The US placed sanctions on Syrian President Bashar al-Assad yesterday for the first time since he took office. Now the EU may follow suit.
The significance of the US decision to impose unprecedented sanctions on Syrian President Bashar al-Assad is not so much a financial blow, but rather a clear signal that the West is no longer willing to wait for him to make good on his promises of reform.
Mr.

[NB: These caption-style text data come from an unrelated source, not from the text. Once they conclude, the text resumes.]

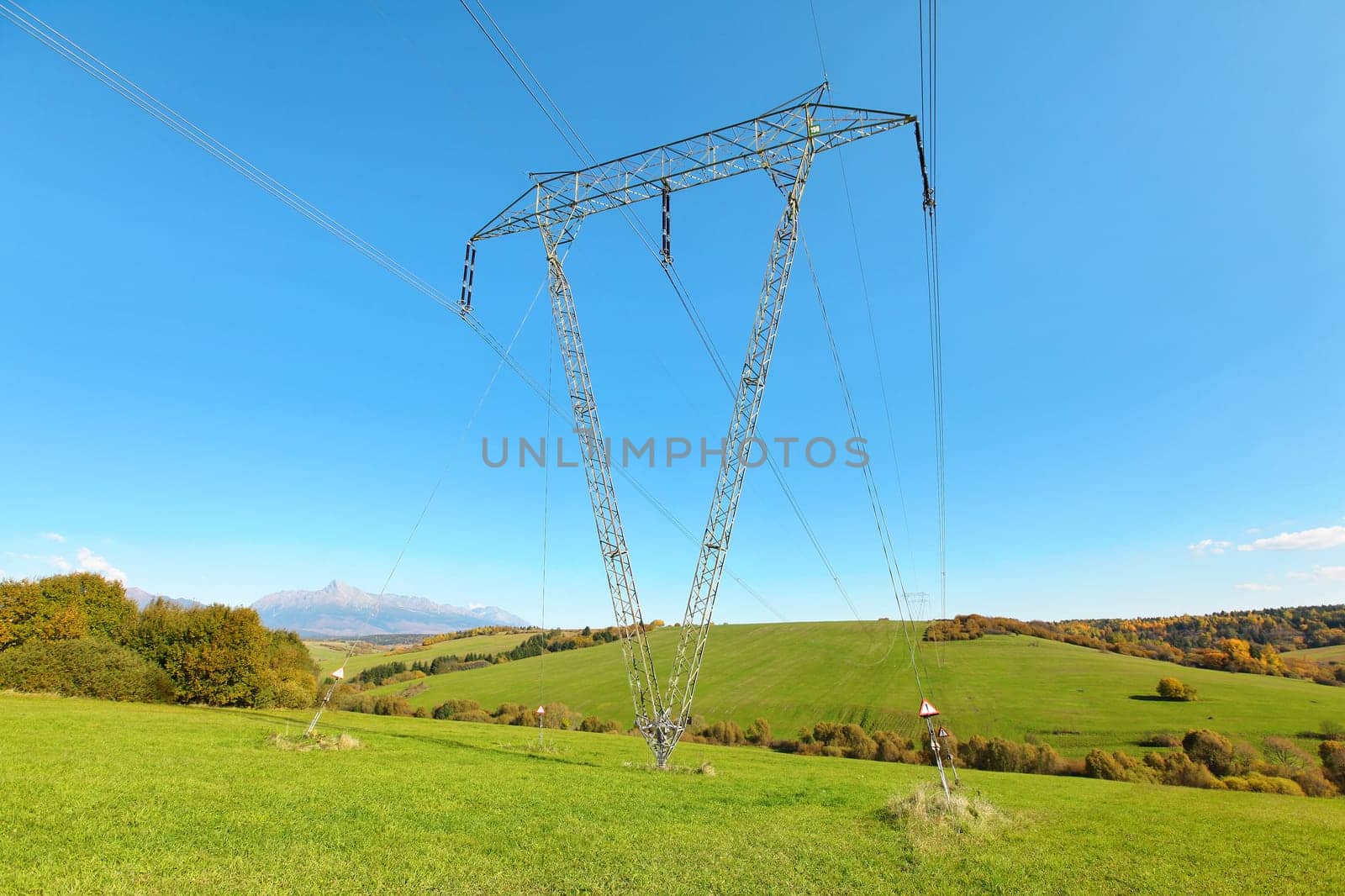 Large metal power pylon under electricity lines built in countryside with green grass covered hills and small forests, mount Krivan (Slovak symbol) at distance, blue sky background 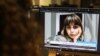 FILE - A woman in the Cypriot capital of Nicosia looks at a screen with an image of Iranian journalist Nazila Maroufian, Nov. 4, 2022. 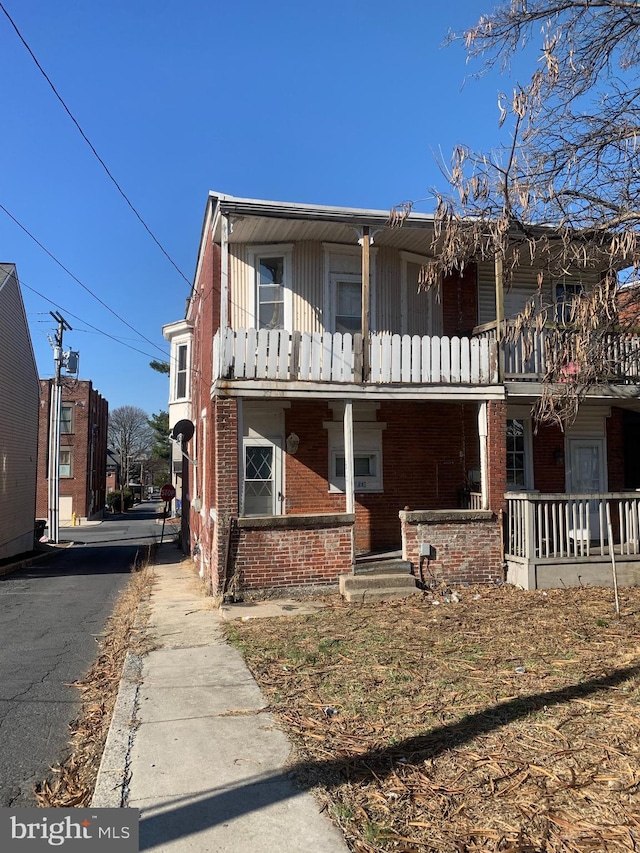 view of front of house with aphalt driveway, a balcony, and brick siding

Assad was one of seven senior Syrian officials listed Wednesday on an executive order that subjects them to financial sanctions “to increase pressure on the Government of Syria to end its use of violence against its people and begin transitioning into a democratic system that protects the rights of the Syrian people," the US Treasury Department said.
It is the first time the US has sanctioned the Syrian president personally since he took power 11 years ago, although the Bush administration sanctioned the regime as a whole in 2004.
The Syrian regime had already lost the sympathy of the European Union, which last week imposed sanctions on 13 regime figures – but not Assad himself. The White House's move, however, suggests he may be included in a new set of EU sanctions reportedly under discussion.
The imposition of financial sanctions is unlikely to make any difference to a regime that believes it is fighting an existential struggle, however. Analysts say that for the revolt in Syria to gain further traction, it requires the political and even logistical backing of the international community.
The Obama administration’s executive order against Assad could be followed in the coming days by the adoption of a draft United Nations Security Council resolution proposed by Britain, France, and Germany condemning Syria for its crackdown. Russia vetoed the resolution recently, but may reconsider if the international mood swings firmly against the Assad regime.